INDUSTRIE ET TERRITOIRES... CONJUGUÉS PAR ARESIA
Si la réindustrialisation de la France est devenue un mot d’ordre national partagé par la plupart des responsables politiques et des Français, sa concrétisation se doit d’être adaptée à l’échelle de chaque bassin d’emploi. La réindustrialisation de l’ïle-de-France n’obéit pas aux mêmes leviers que la redynamisation du Hainaut ou de la banlieue toulousaine. La mise en place d’attachés d’industrie de défense dans les préfectures de région contribuera à la prise en compte de ces différences. Dans la France du 21e siècle, l’ambition industrielle ne peut reproduire les schémas qui ont présidé aux Trente Glorieuses. Aujourd’hui, plusieurs écueils nous semblent devoir être relevés.
" Le courage de la nuance " (Jean Birnbaum, 2021)
L’acceptabilité de l’activité industrielle par la société civile est un premier écueil à affronter. Dans des espaces géographiques soumis à un fort flux démographique comme la région capitale, la pression foncière pour construire des logements peut être un véritable frein au développement ou à la création de sites industriels pourtant pourvoyeurs d’emplois. De même, la proximité d’activités industrielles peut être perçue comme des nuisances par les habitants (« une usine, oui, mais pas à côté de chez moi »). Cependant, rien n’est impossible comme le démontre la densification des sites ARESIA à Valenton (Val-de-Marne) et à Witry-lès-Reims (Marne), tous deux situés au cœur des communes. Ces sites appartiennent à l’histoire de leurs villes et sont bien connus des habitants qui y ont souvent eu des proches salariés. A l’écoute de leur population, les élus se montrent vigilants sur la préservation de leur patrimoine industriel. Ils accueillent plus que favorablement le développement des sites et les accompagnent avec énergie. Un responsable politique préfère gérer le développement de son économie locale que traiter des friches industrielles. Aux entreprises toutefois de faire preuve de responsabilité en intégrant les nouveaux investissements dans le tissu urbain pour limiter toute source de nuisance, bien sûr répondre aux attentes environnementales et contribuer ainsi à l’image de la collectivité.

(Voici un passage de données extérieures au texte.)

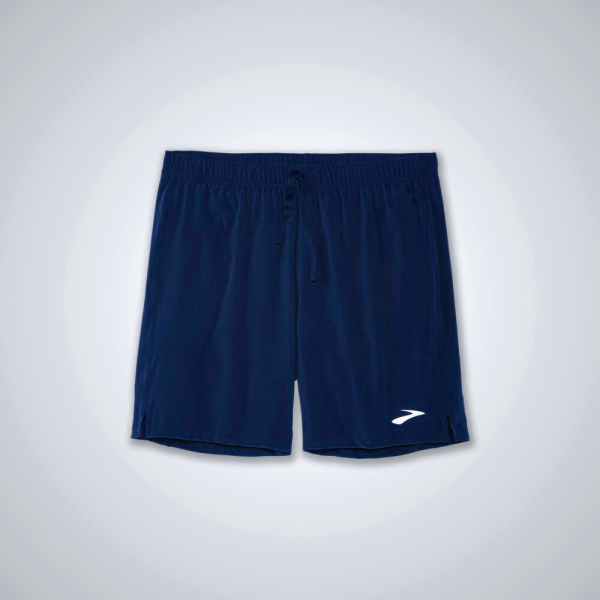 Men's Brooks Sherpa 7" 2-in-1 Running Shorts Deep Green | AU-528610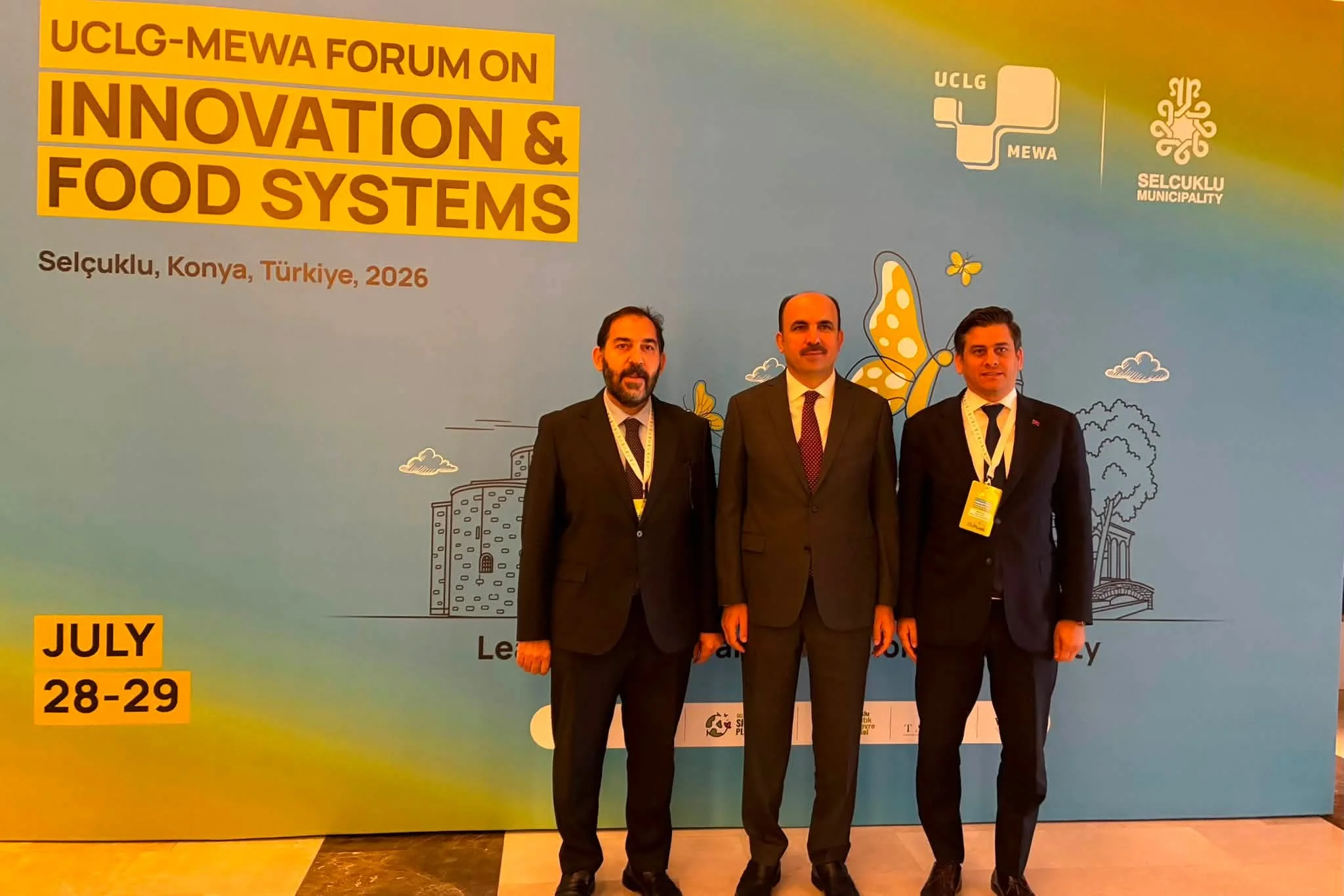 Yalova, UCLG MEWA Uluslararası Forumu'nda Güçlü Şekilde Temsil Edildi: Hasan Soygüzel'den Yenilikçilik ve Gıda Güvenliği Vurgusu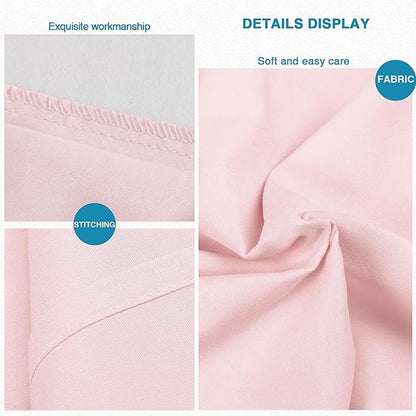 FLXXIE Pillow Cases Queen, Soft Microfiber Pillow Covers with Envelope Closure, Wrinkle Resistant Pillowcases, 2 Piece Set, 20x30, Blush Pink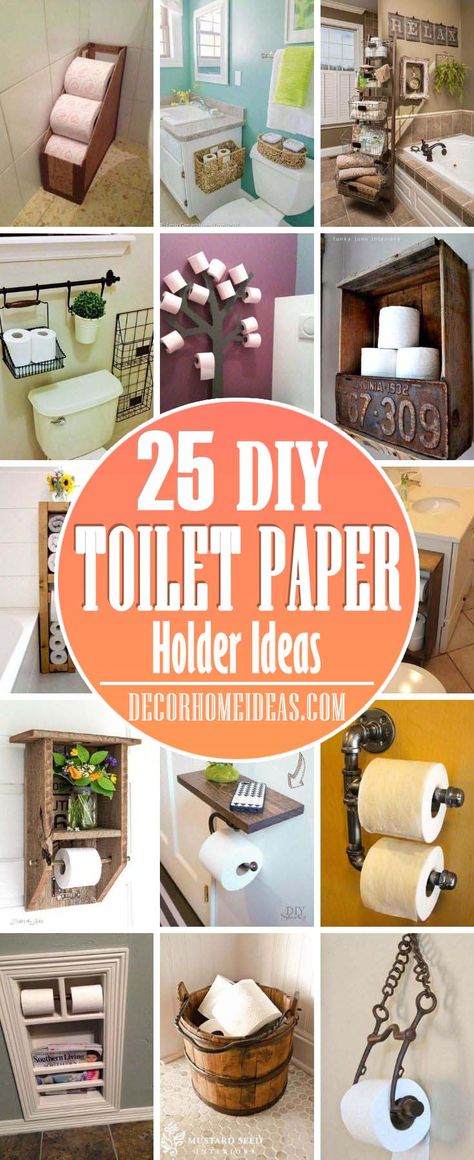 Toilet Roll Holder Diy, Toilet Paper Holder Ideas, Rv Toilet Paper, Toliet Paper Holder, Unique Toilet Paper Holder, Wooden Toilet Paper Holder, Diy Toilet Paper, Toilet Paper Holder Shelf, Pipe Toilet Paper Holder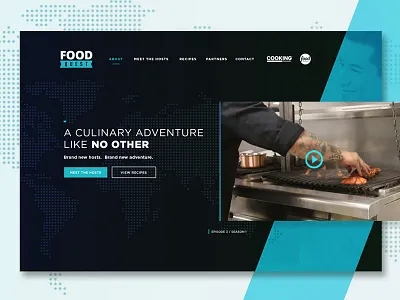Landing Page // Food Network + Cooking Channel cooking food homepage landing page marketing modern promo website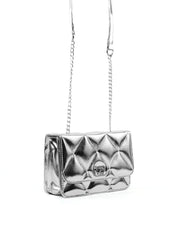 Bolsa Satchel Pequena Transversal com Matelassê BSI-6522 - PT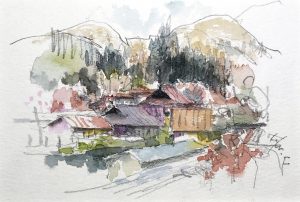 透明水彩｜仙台在住｜画家｜古山拓｜置賜｜山形の風景｜イラストレーター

Valenton, un site centenaire qui fait peau neuve, bien dans son territoire
" Il n’y a pas d’amour, il n’y a que des preuves d’amour " (Pierre Reverdy, 1920)
Deuxième écueil à prendre en considération, l’acceptabilité de la nature de l’activité industrielle. Contrairement à une idée reçue, nous témoignons que la BITD est très favorablement accueillie et soutenue par les territoires. Pour preuve, toutes les régions réfléchissent à développer des dispositifs de soutien à leur BITD locale, majoritairement composée de PME et ETI sous-traitantes. Cet engagement des collectivités se manifeste également par leur présence lors de grands événements comme EUROSATORY ou le salon du BOURGET. Les régions aiment la BITD et l’assument. On aimerait d’ailleurs qu’il en soit de même pour d’autres acteurs de l’économie française. Face à la mutation de grands secteurs industriels ayant structuré l’économie française, comme celui de l’automobile, les élus ont compris que l’industrie de défense offre des garanties de pérennité et d’excellence. En créant son site munitionnaire près de Valenciennes, ARESIA a constaté cette disposition favorable de toutes les institutions : de la région des Hauts-de-France à la métropole de Valenciennes en passant par les services de l’État, la CCI du Grand Hainaut, l’UIMM ou le cluster aéronautique ALTYTUD. Là où un regard « parisien » pourrait avoir quelques réticences sous la pression médiatisée de quelques bruyants activistes, les responsables politiques locaux n’ont aucun état d’âme et soutiennent pleinement l’implantation et le développement de sites industriels rattachés à la BITD. Ceci n’exonère pas les dirigeants des entreprises de se montrer pédagogues et d’expliquer leur activité pour éviter la rumeur déstabilisatrice que certains ne manqueraient pas de diffuser auprès de la population. Il ne s’agit ni d’organiser des portes-ouvertes, ni de se recroqueviller pour espérer être invisible. Il faut s’assumer en tant qu’acteur économique du territoire. A Bourges, à Cherbourg, à Bordeaux, personne ne souhaite le départ des grands groupes de la BITD. Il en va de même partout en France.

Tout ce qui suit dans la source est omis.